Goat Alley premiered on Broadway at the Bijou Theatre on June 20, 1921, and was subtitled "Tragedy of Negro Life". The original production was produced by Alice Wade Mulhern of the MRR and directed by Cecil Owen. The play was introduced at its performances by sociologist Dr. Victor Robinson of the MRR who endorsed the work as being of sociological importance, and used Freud's psychology as a means of validating the play. Robinson also introduced government statistics about the Goat Alley neighborhood which at that time had the highest murder rate of any community in the United States. The play was published in Cincinnati in 1922 by Stewart Kidd Company.

Reviews of Goat Alley were mixed at the time of its premiere. George Jean Nathan wrote it was "probably the most acute transcription of the Negro yet made visible in our native dramatic literature." Hubert Harrison ripped the play in The New Republic for faulty dialect and inauthentic portrayal of African American life in D.C. A brief review in The South Atlantic Quarterly was more favorable and credited the play for its realism but concluded the tragic subject matter was heavy. The play was revived on Broadway in 1927.

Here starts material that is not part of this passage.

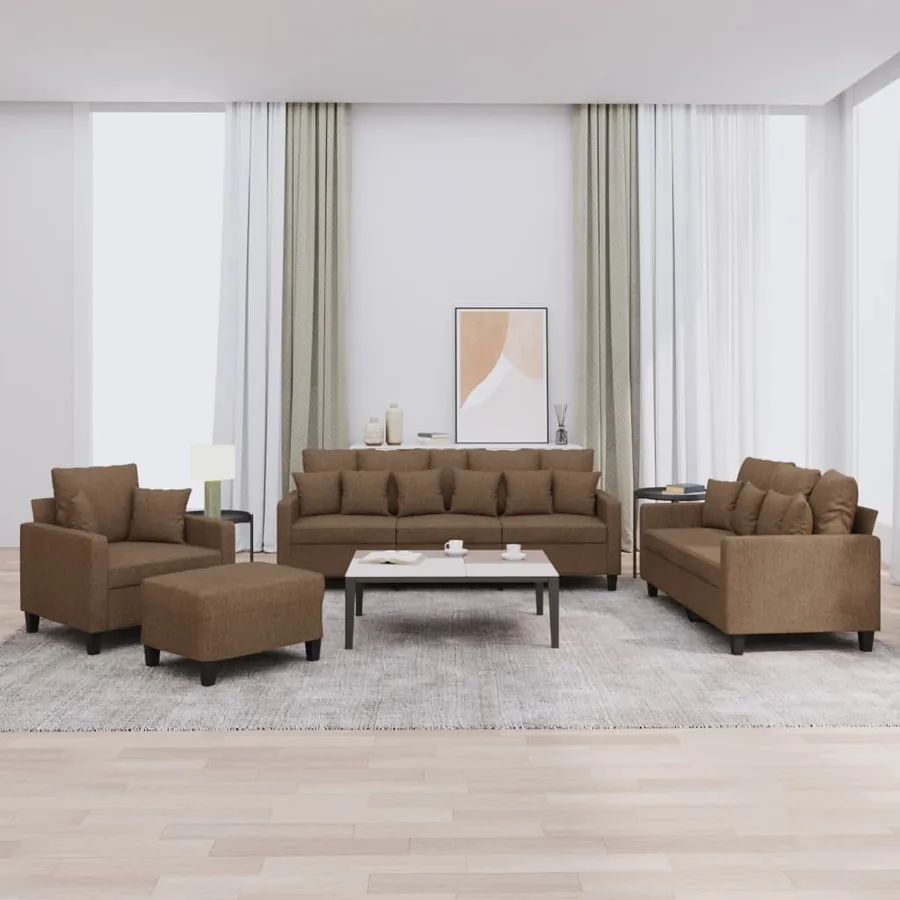 Ensemble de canapés 4 pcs avec coussins marron tissu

Goat Alley has left a mixed and complicated legacy when it comes to the issues of race and racism in relation to the American theatre. On the positive side, the work was groundbreaking in that it was the first full-length drama with an all-black cast staged on Broadway. At this period in American theater history there was much racial prejudice against black actors appearing in dramatic roles as their performances in dramas were viewed as inferior to white performers. Given this prevailing racial prejudice, it was common practice for white actors to portray black characters in blackface rather than having black actors in these roles. The New York Times review of Goat Alley was indicative of the racial prejudice of the period and it criticized the work specifically for its decision to cast a serious drama with an all-black cast; arguing that it would have had better acting if had it used white actors in blackface. In this sense, Goat Alley has been praised for its role in challenging racist casting practices and opening the door to black performers in the dramatic repertory.

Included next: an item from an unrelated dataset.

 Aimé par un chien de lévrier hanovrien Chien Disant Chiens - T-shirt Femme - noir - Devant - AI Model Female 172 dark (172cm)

In spite of this positive achievement and its well-meaning goal of racial uplift, Goat Alley included themes of Social Darwinism which propagated racist stereotypes, and played into the controversial and often negative politics surrounding birth control, eugenics, and the black urban poor during that period of American history.

===Other works===
Culbertson 's one-act play The End of the Trail was published in Theatre Arts in 1924. He was a writer for 1937 CBS Radio program Living Dramas of the Bible.

==Death==
Ernest Howard Culbertson died in July 1972, in New York City, at the age of 86.